I can’t think of any more profound contradiction to the Grammys than Morton Feldman’s Quartet No. 2 (1983).
You may have heard that our album Serious Business (Sono Luminus) was nominated this year in the Best Chamber Music/Small Ensemble category. Given that it featured music by three up-and-comers – Sky Macklay, David Reminick, and Chris Fisher-Lochhead (and some slouch named Joseph Haydn) – we were as surprised as anyone.
Our good buddies (and Chicago neighbors) in Third Coast Percussion took home the prize for their superlative Steve Reich album… and we took home some indelible memories of the circus that is the Grammy Award Ceremony. A few highlights:
> Hosting the Nerd Grammys (i.e. every category one doesn’t see on the live TV broadcast), was a fairly salty Margaret Cho, who perhaps started… celebrating… the festivities a bit early in the day.
> When one enters the grounds as a nominee, one is taken past a gauntlet of press – a press that will feign interest, or not – before passing in front of a diminutive bleachers of enthusiastic personae who will cheer at equal volume for whomever passes before them. It reminds one of the professional mourners in Greece, but/and is delightful nonetheless.

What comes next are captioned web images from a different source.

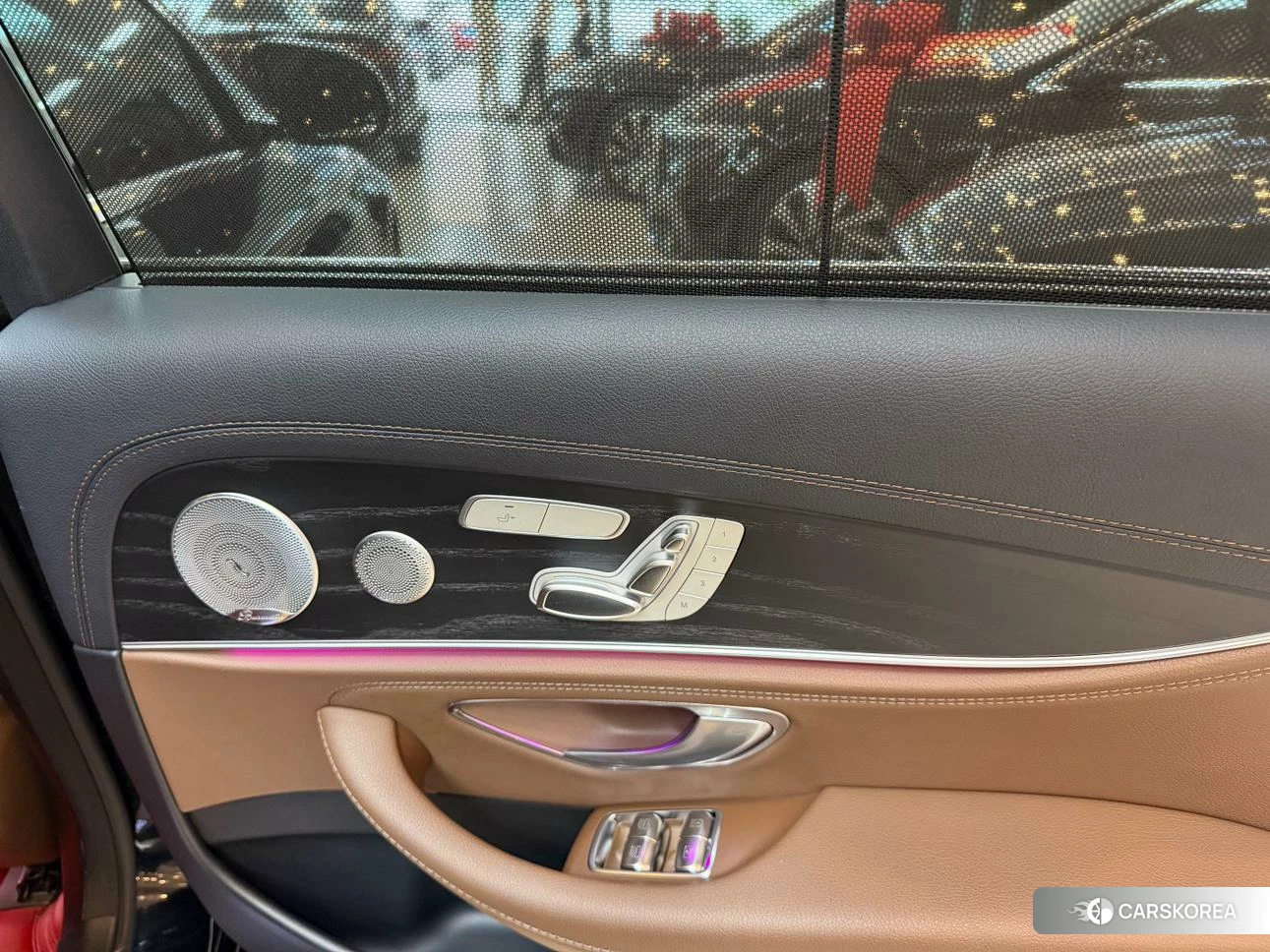 Mercedes-Benz E-class id 4455254 из Китая 12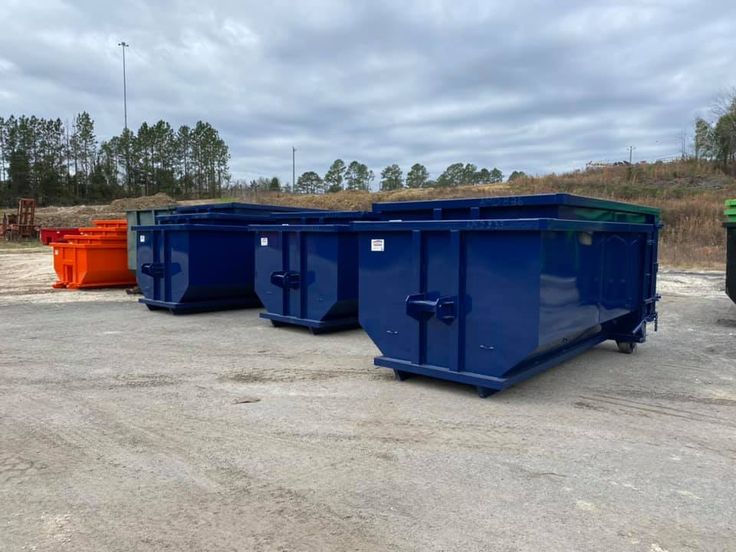 Bennes Services : guide complet pour gérer vos déchets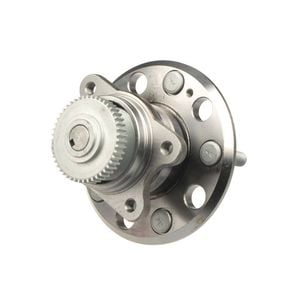 Rear Wheel Bearing Hub Assembly for Hyundai Sonata NF FWD MT AT with ABS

> Regardless of how I might feel about the merits of some of the music being awarded, I was in awe of the Cold War-level arms race that is pop music. To stand out in this oversaturated convocation of talent, a performer must commit to antics and visuals on a stupefying level. It really is impressive. Even during the most offensively pedestrian song of the night, a duet between Keith Urban and Carrie Underwood titled “The Fighter,” I found myself desirous of the seizure-inducing hi-def cube in which they galumphed. I am not of the persuasion that classical/new music is better than, or more rigorous than pop music. This experience cemented that stance.
> Beyoncé has more stage craft than any other performer working today.
> I’ve talked at least as much doo-doo as you, dear reader, about awards shows such as this, but I’d be lying if I said anything other than: It feels pretty great to be treated like a minor celebrity for a day. We make music in this niche of which a percentage of a percentage of the population cares about. A little affirmation goes a long way when it’s shined on a lifetime of underpaid and under-noticed work. It may still be meaningless, but it is incredibly fun.
> Favorite (and unexpectedly so) song of the night: Katy Perry feat. Skip Marley – “Chained to the Rhythm”
> Favorite moment of the night: Tribe Called Quest on stage with Busta Rhymes. Most artists and presenters were dispiritingly cagey in their acknowledgement of our current political situation. Tribe and Busta Bust made no bones about it, though, compelling the Staples Center crowd to get on its feet and chant, “Resist. Resist. Resist.”
What does any of this have to do with Spektral playing Feldman’s six-hour Quartet No. 2? Literally nothing. Well, other than spectacle, of course.